(Records drawn from a dataset)
● ● ● ●

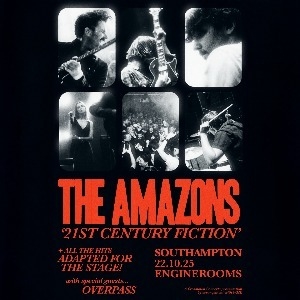 The Amazons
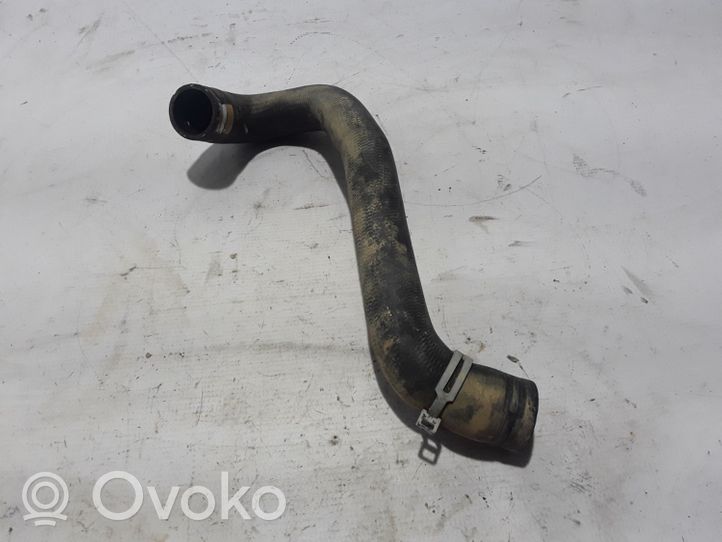 Renault Scenic IV - Grand scenic IV Tuyau de liquide de refroidissement moteur 215030480R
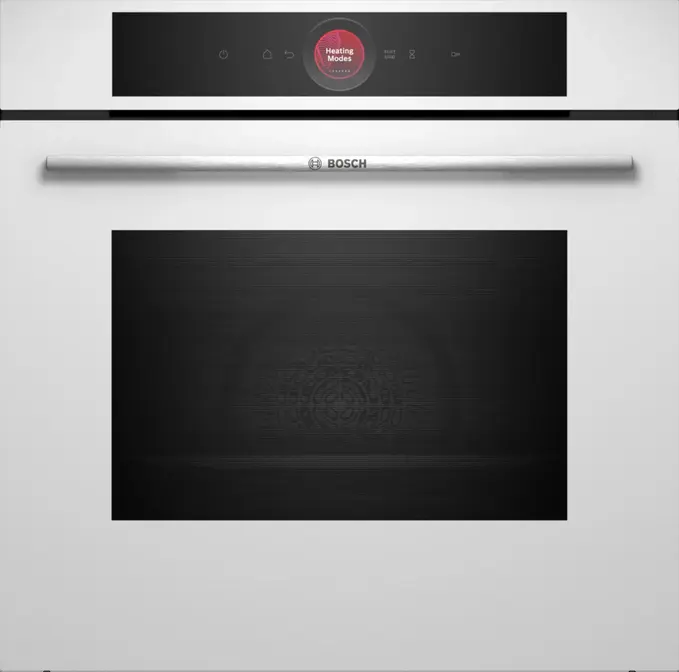 Духовой шкаф Bosch HBG7341W1 фото 1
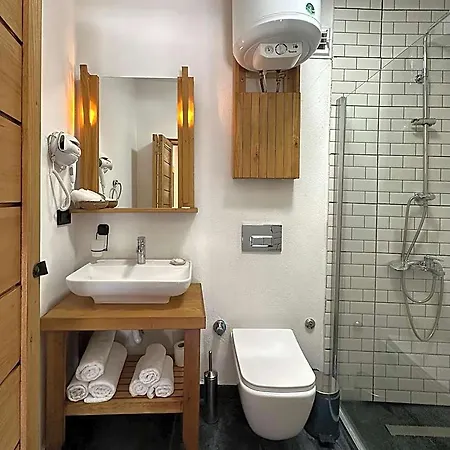 Konagi * Bodrum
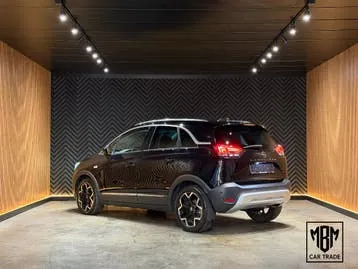 Opel Crossland X 2022 photo 2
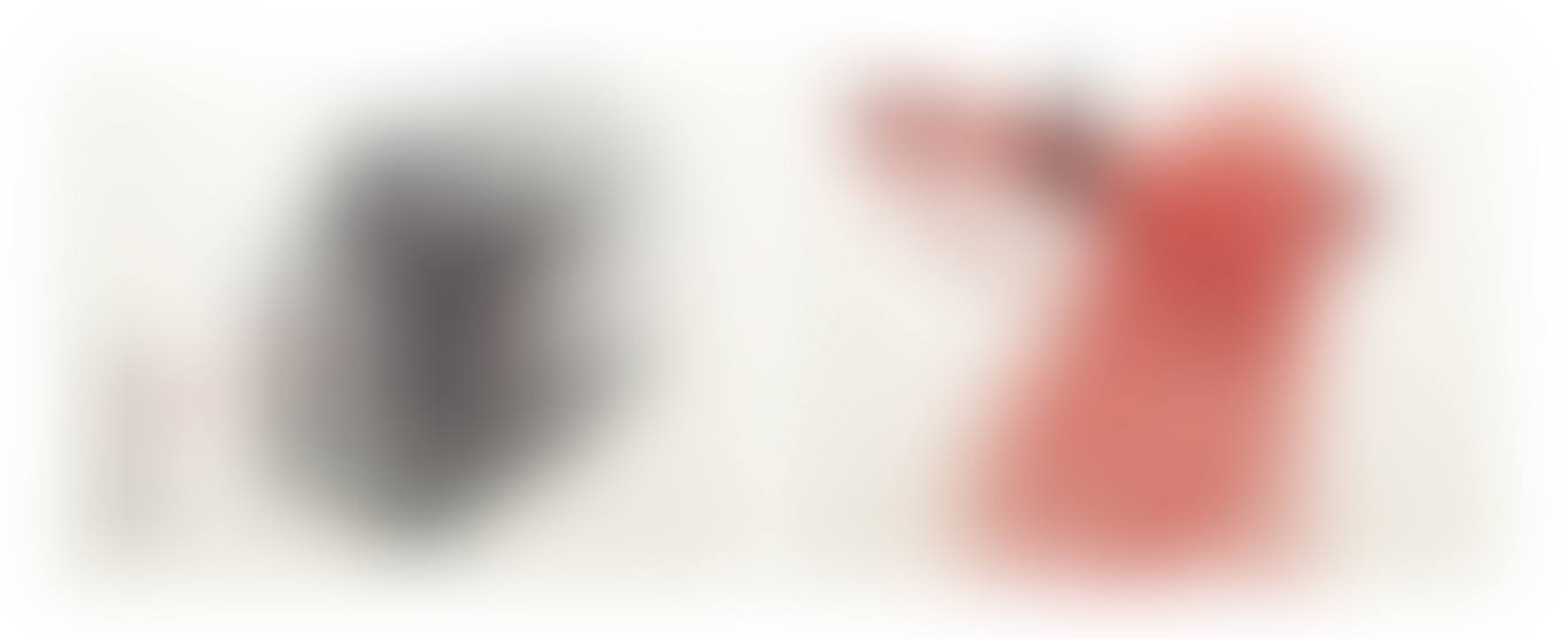 Inner House; Wavy Line (a set of 2) (preview)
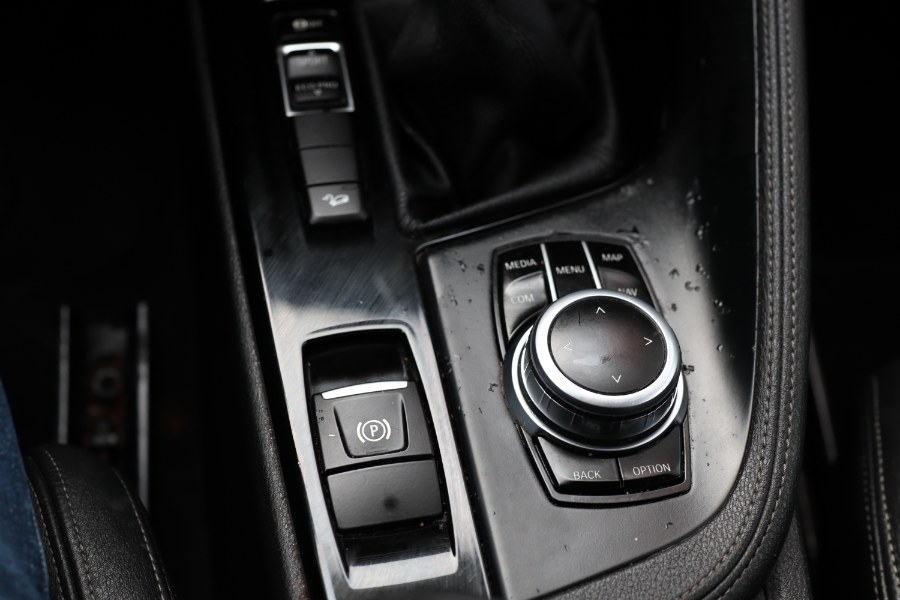 2018 BMW X2 xDrive28i Sports Activity Vehi photo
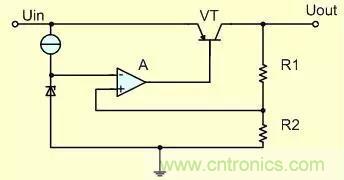 DC-DC和LDO的原理和區別 DC-DC和LDO的原理和區別
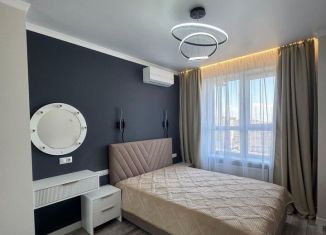 2-комнатная квартира на продажу, 60 м2, Ростов-на-Дону, ЖК Город у Реки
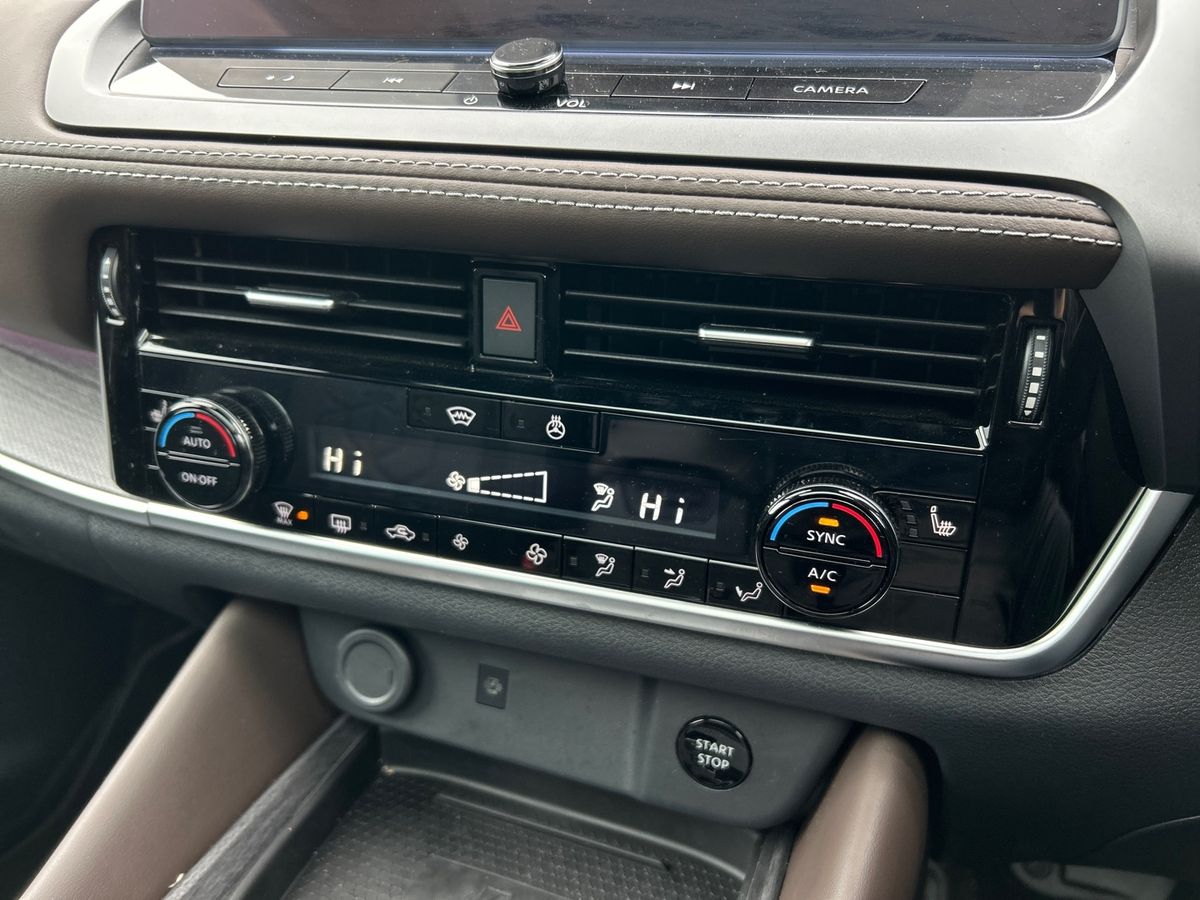 Used Nissan Qashqai 2024 for sale - 76421443: Photo 38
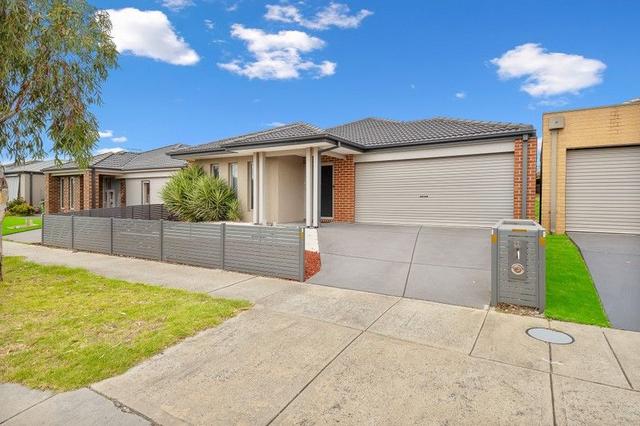 11 Dream Avenue, VIC 3978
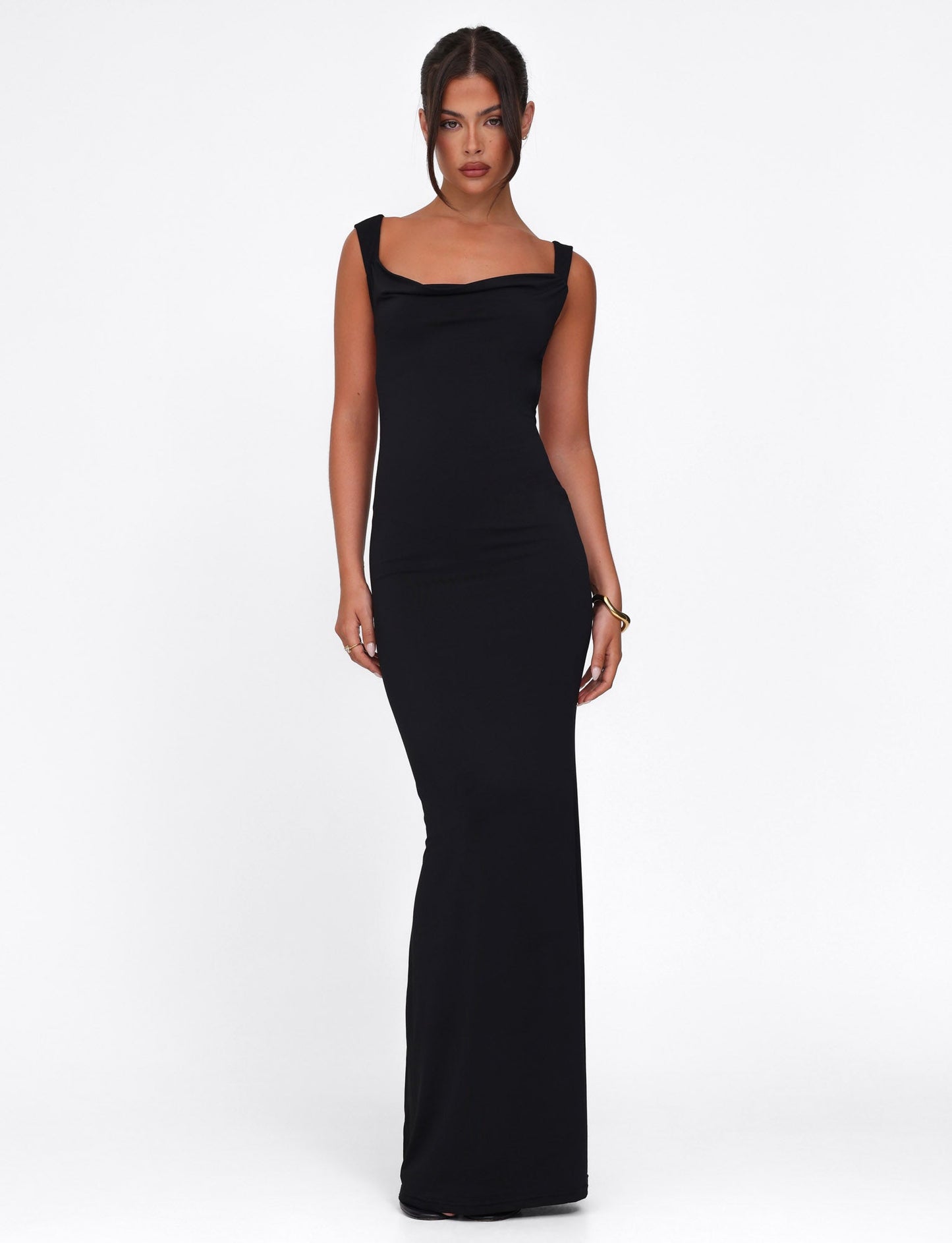 MORANA DRESS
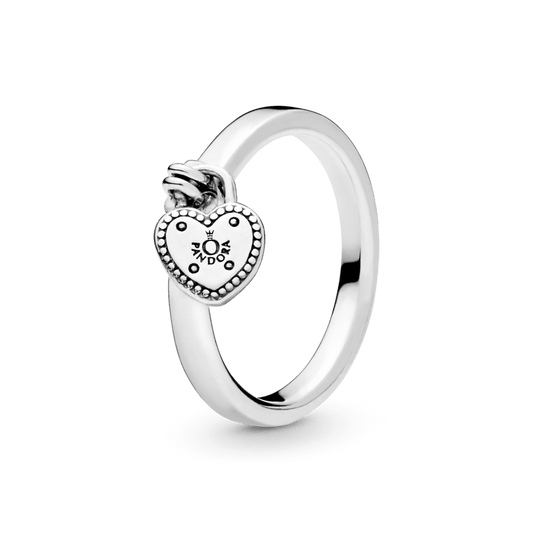 Anel Promessas De Amor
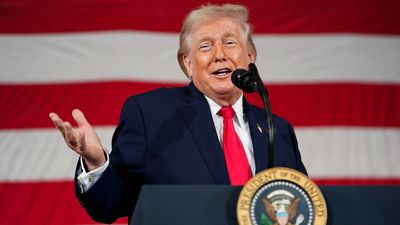 ICE agent training lasts just 47 days, and it proves Trump is only obsessed with himself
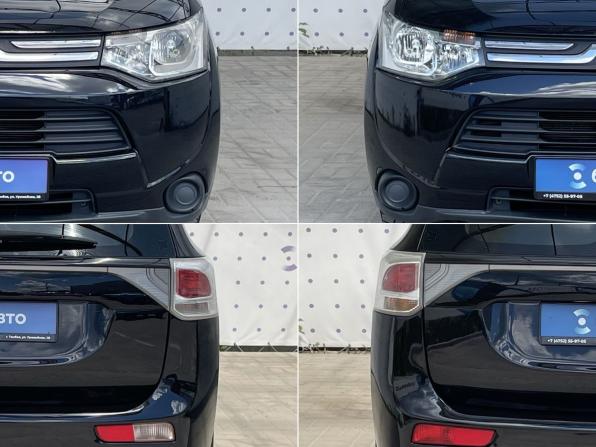 Mitsubishi Outlander III с пробегом 2012 года, цена 1 380 000 рублей, 161135 км, внедорожник, Автокод Объявления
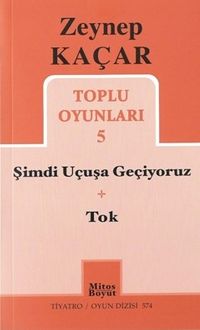 Toplu Oyunları 5 / Şimdi Uçuşa Geçiyoruz - Tok
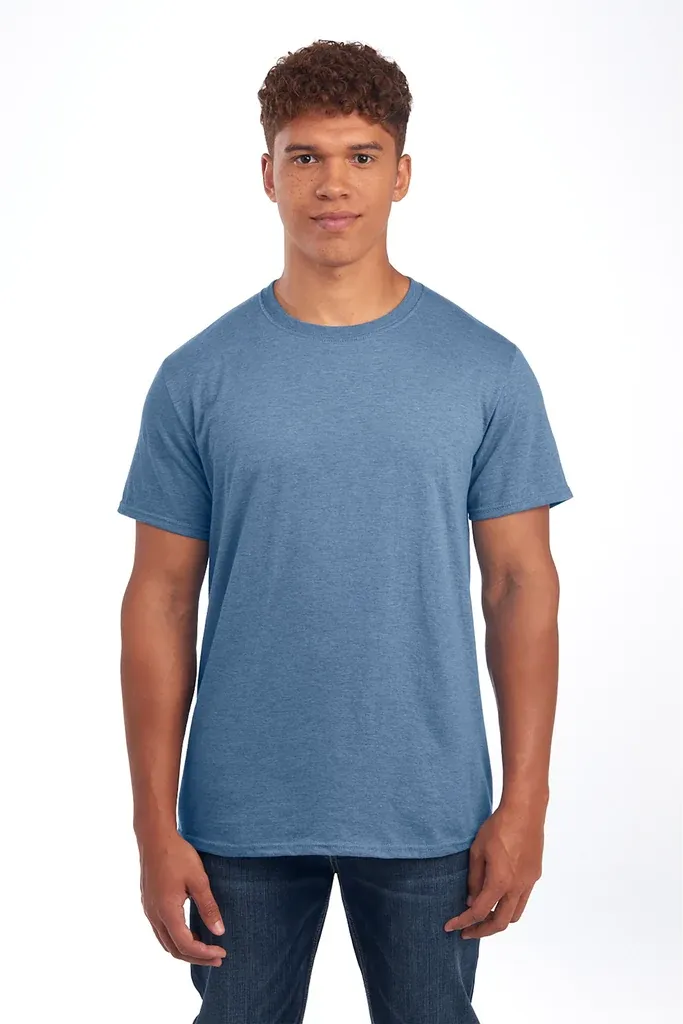 Jerzees® Premium Blend Ring Spun T-Shirt 560M - additional view 16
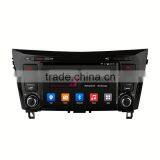 Newest Quad Core Android 4.4 GPS Navigation for Nissan x Trial With Bluetooth thumbnail-2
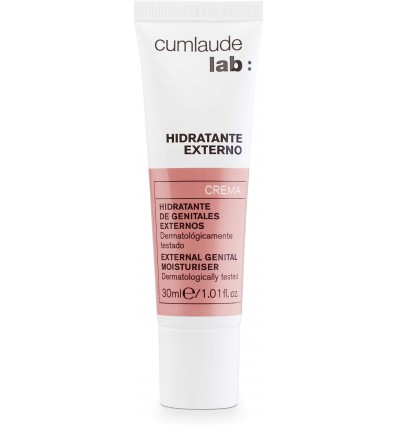 Cumlaude Lab Hidratante Externo Crema 30 ml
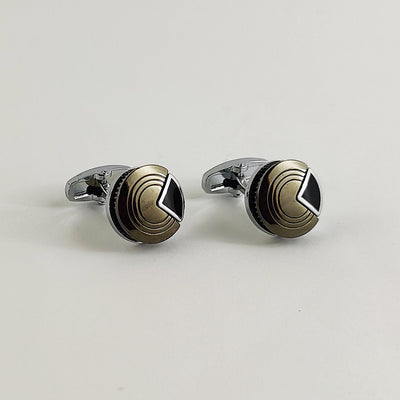 Cufflink 207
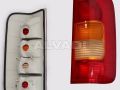 Volkswagen LT 1995-2006 ФОНАРЬ ЗАДНИЙ ФОНАРЬ ЗАДНИЙ для VW LT II Стандарт оптики: ECE...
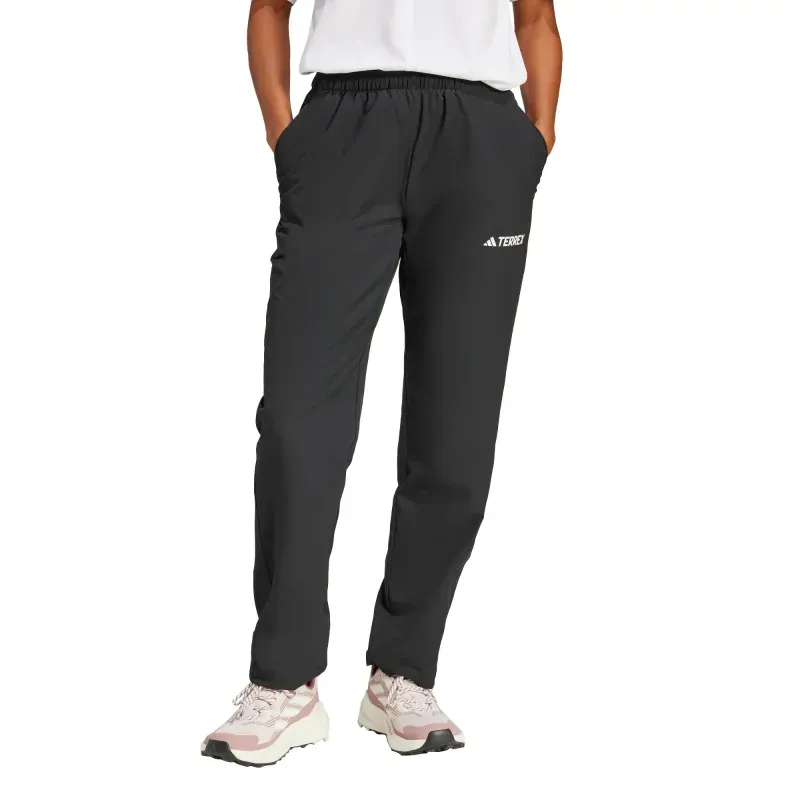 Pants adidas Senderismo Terrex Multi Liteflex Mujer JF3693 XL/T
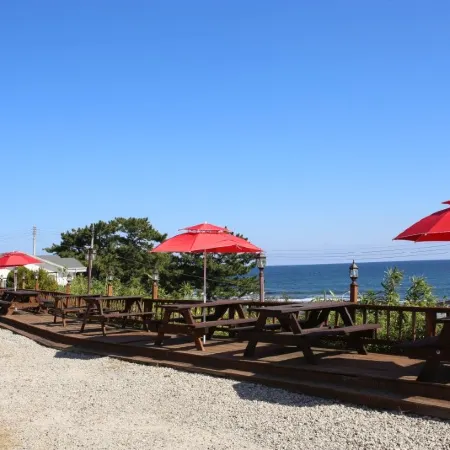 Pohang Songnahaesong Pension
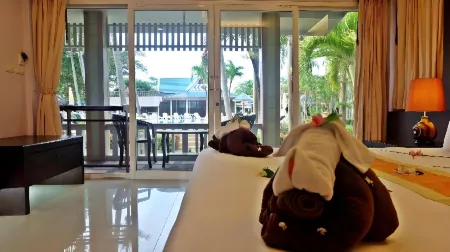 Andaman Lanta Resort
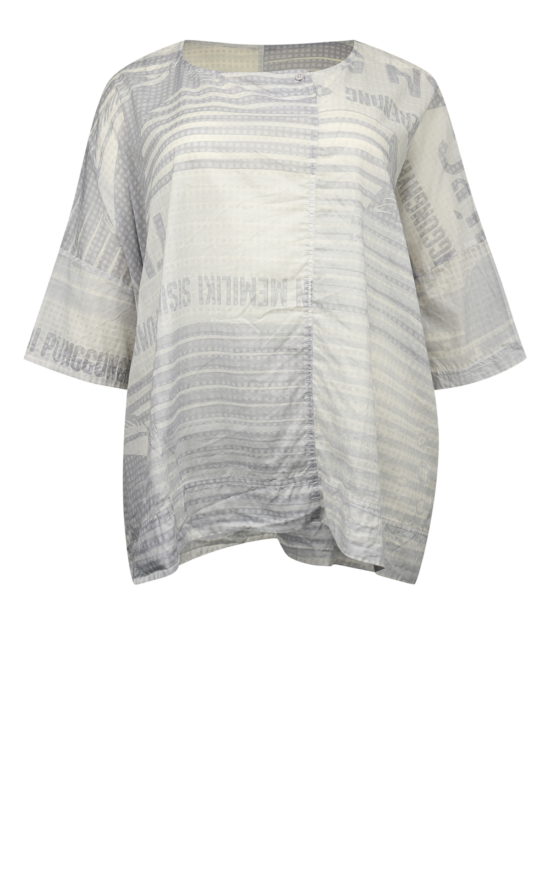 Deep Sea Diva Tee product photo.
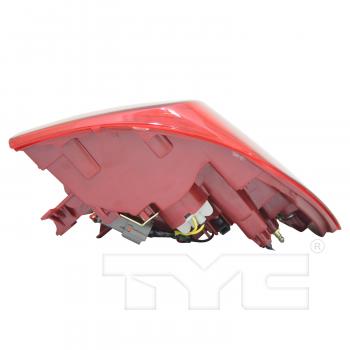 TYC 116763909 Tail Light Assembly product image 6 of 6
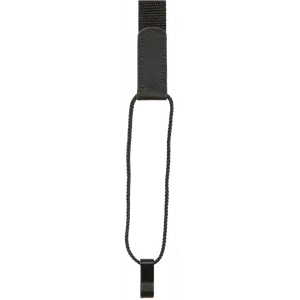 Fender Black Ukulele Strap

● ● ● ●

- **EXERCISE DETAILS**
The required result is the entries above, printed exactly from the first line through the line with "Volkswagen LT 1995-2006", pictures excluded.

- **RESULT FOR THIS EXERCISE**
 The Amazons
 Renault Scenic IV - Grand scenic IV Tuyau de liquide de refroidissement moteur 215030480R
 Духовой шкаф Bosch HBG7341W1 фото 1
 Konagi * Bodrum
 Opel Crossland X 2022 photo 2
 Inner House; Wavy Line (a set of 2) (preview)
 2018 BMW X2 xDrive28i Sports Activity Vehi photo
 DC-DC和LDO的原理和區別 DC-DC和LDO的原理和區別
 2-комнатная квартира на продажу, 60 м2, Ростов-на-Дону, ЖК Город у Реки
 Used Nissan Qashqai 2024 for sale - 76421443: Photo 38
 11 Dream Avenue, VIC 3978
 MORANA DRESS
 Anel Promessas De Amor
 ICE agent training lasts just 47 days, and it proves Trump is only obsessed with himself
 Mitsubishi Outlander III с пробегом 2012 года, цена 1 380 000 рублей, 161135 км, внедорожник, Автокод Объявления
 Toplu Oyunları 5 / Şimdi Uçuşa Geçiyoruz - Tok
 Jerzees® Premium Blend Ring Spun T-Shirt 560M - additional view 16
 Newest Quad Core Android 4.4 GPS Navigation for Nissan x Trial With Bluetooth thumbnail-2
 Cumlaude Lab Hidratante Externo Crema 30 ml
 Cufflink 207
 Volkswagen LT 1995-2006 ФОНАРЬ ЗАДНИЙ ФОНАРЬ ЗАДНИЙ для VW LT II Стандарт оптики: ECE...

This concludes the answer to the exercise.